» **PROBLEM STATEMENT**: Reproduce from the records below, with no pictures, exactly the lines between the one containing "Photo a group" and the one containing "renkli yildiz kiz ocuk t-shirt ort takim", inclusive.

» **SUPPLIED MATERIAL**:
◇ ◇ ◇ ◇ ◇
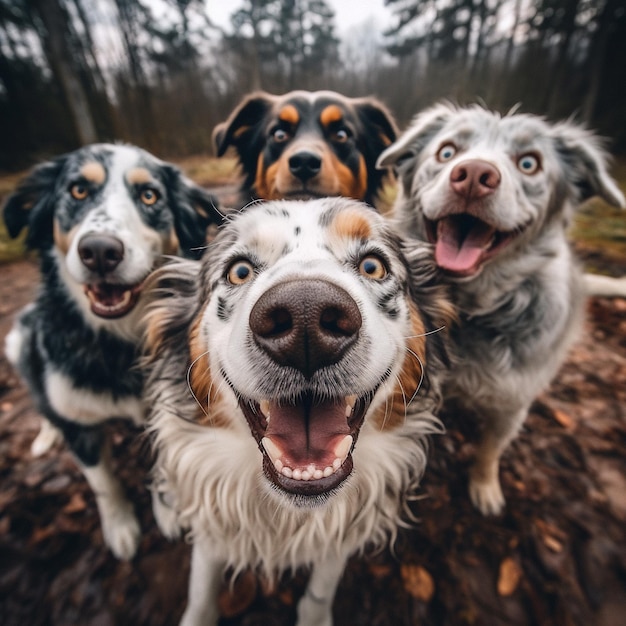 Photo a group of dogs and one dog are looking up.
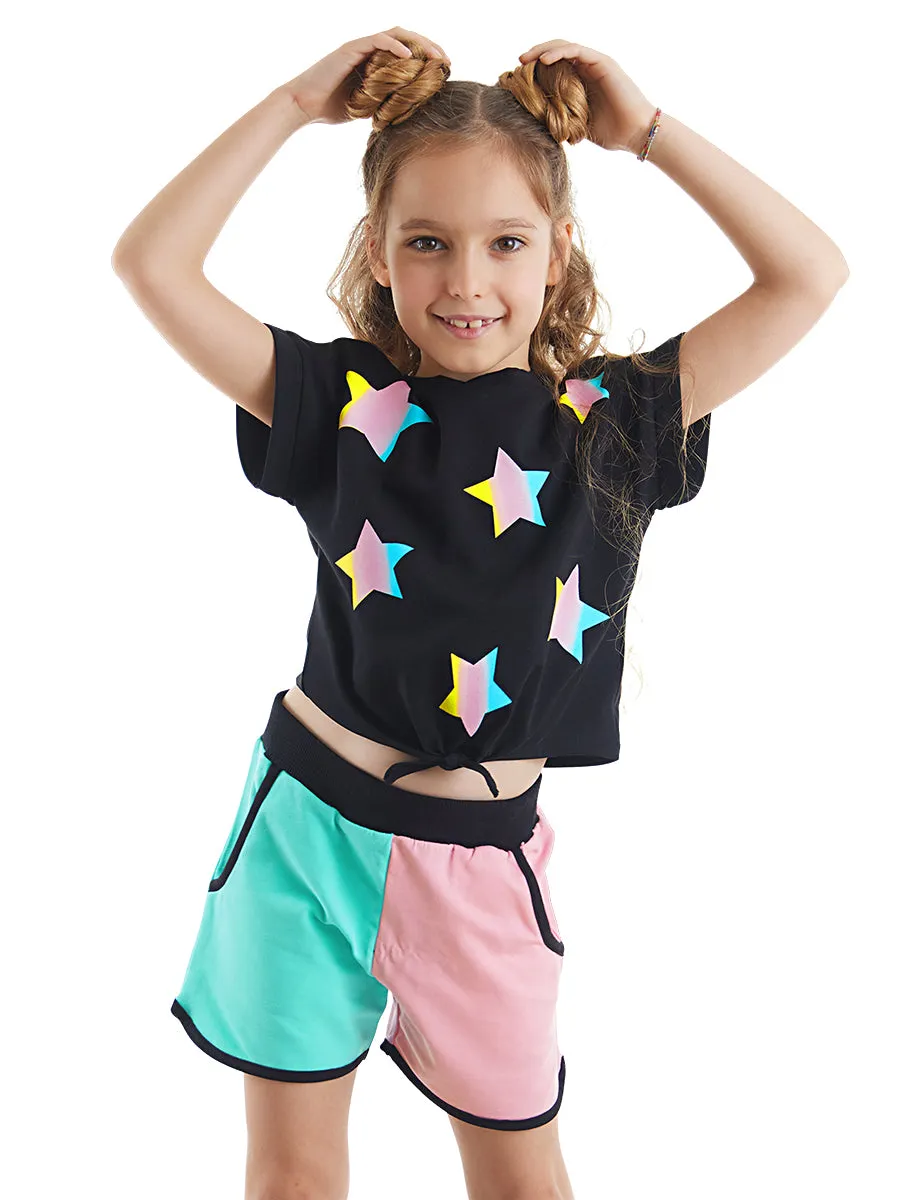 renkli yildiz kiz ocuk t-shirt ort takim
◇ ◇ ◇ ◇ ◇
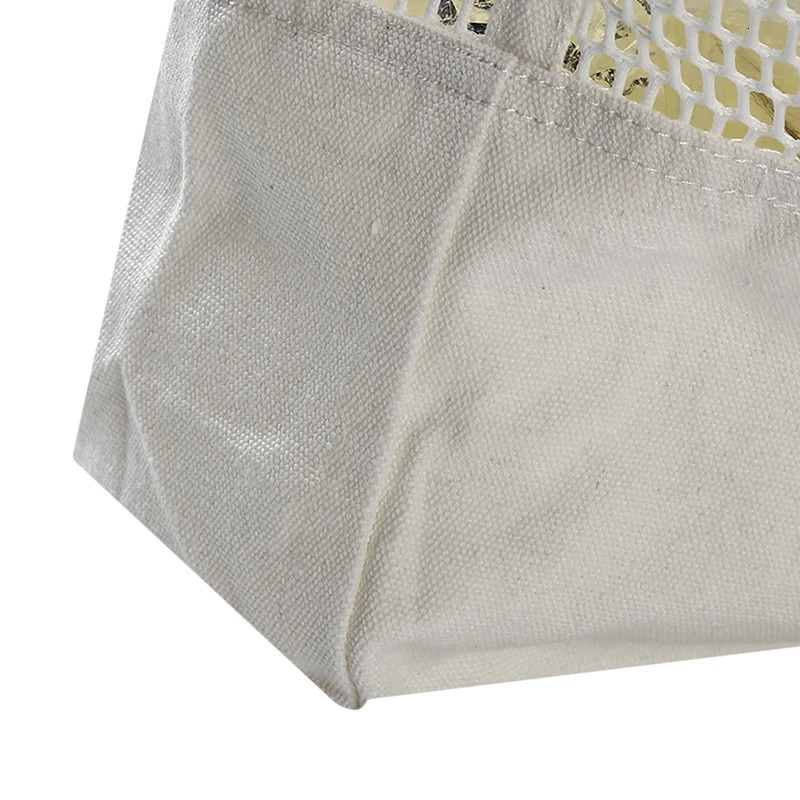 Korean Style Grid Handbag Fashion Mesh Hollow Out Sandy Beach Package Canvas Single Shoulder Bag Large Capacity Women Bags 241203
◇ ◇ ◇ ◇ ◇
» **RESULT FOR THIS EXERCISE**:
 Photo a group of dogs and one dog are looking up.
 renkli yildiz kiz ocuk t-shirt ort takim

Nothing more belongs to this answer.